Uber Eats employs an eight-minute wait policy which allows an operator to start a timer when they have reached the customer’s location.

The timer is only supposed to be enabled if the driver cannot locate the customer, as the policy is meant to be a way for operators to avoid wasting time on unresponsive customers.

“If you can’t find the customer at their location, and you try to contact them twice through phone and chat, a countdown timer will start,” it says.

“Once the countdown timer is over, you don’t have to contact support anymore. By following this process, you will still receive payment for the order.”

Notably, its guidelines do not specify what should be done with the unclaimed food, and the wording of the guideline also makes it sound like the timer is an automatic process when it is actually the delivery driver who initiates the countdown.

This has allowed drivers to take advantage of the policy by starting the timer early, with some operators beginning the countdown before they have even arrived at the gate to a customer’s complex.

Users have vented their frustration on social media, with one post claiming that a driver said they were outside the person’s house when the individual was already waiting for them at the gate.

App users are also able to write down detailed delivery steps to make the process of entering an estate and finding the correct residence easier, but customers have complained that these instructions are not always followed.
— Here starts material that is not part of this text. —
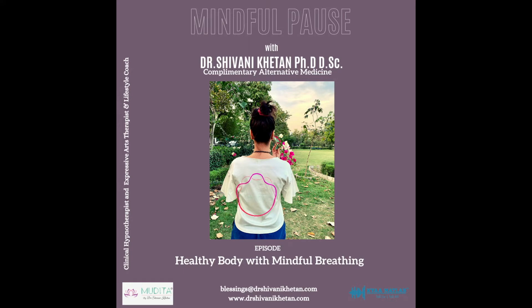Moving up towards the throat, breathe in a deep blue color into the throat chakra. This area enables our ability to communicate and express ourselves. Spend some extra time here if this is an area in your life that you would like to work on.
Often, a driver will simply message “I’m here” and put the onus on the customer to reply to the message and come and collect the food, increasing the chance that they don’t respond within eight minutes.

Other operators are trying to exploit the feature entirely by starting the timer as soon as they arrive at the restaurant to pick up the order.

“@UberEats I need you guys to deal with this thief who stole my food! I’m done donating money to UberEats! I have screenshots! He never left the restaurant. Started the 8 min timer there then marked order as complete,” wrote one Twitter user.

Uber Eats is aware of the issue and its customer support has been responding to the complaints posted on social media and its website.

Another tactic that drivers have taken to using involves taking photos as “proof of a delivery” before leaving taking off with the goods.

The food-hailing app allows operators to take photos of the food and send it to the customer as a record of delivery.

In June 2024, a customer captured an Uber Eats driver on their security camera take out the food and put it on top of a nearby wall.

The operator then took a photo before packing the goods away again and driving off.

In a situation like this, it can be very difficult for the app user to prove that they never received the food.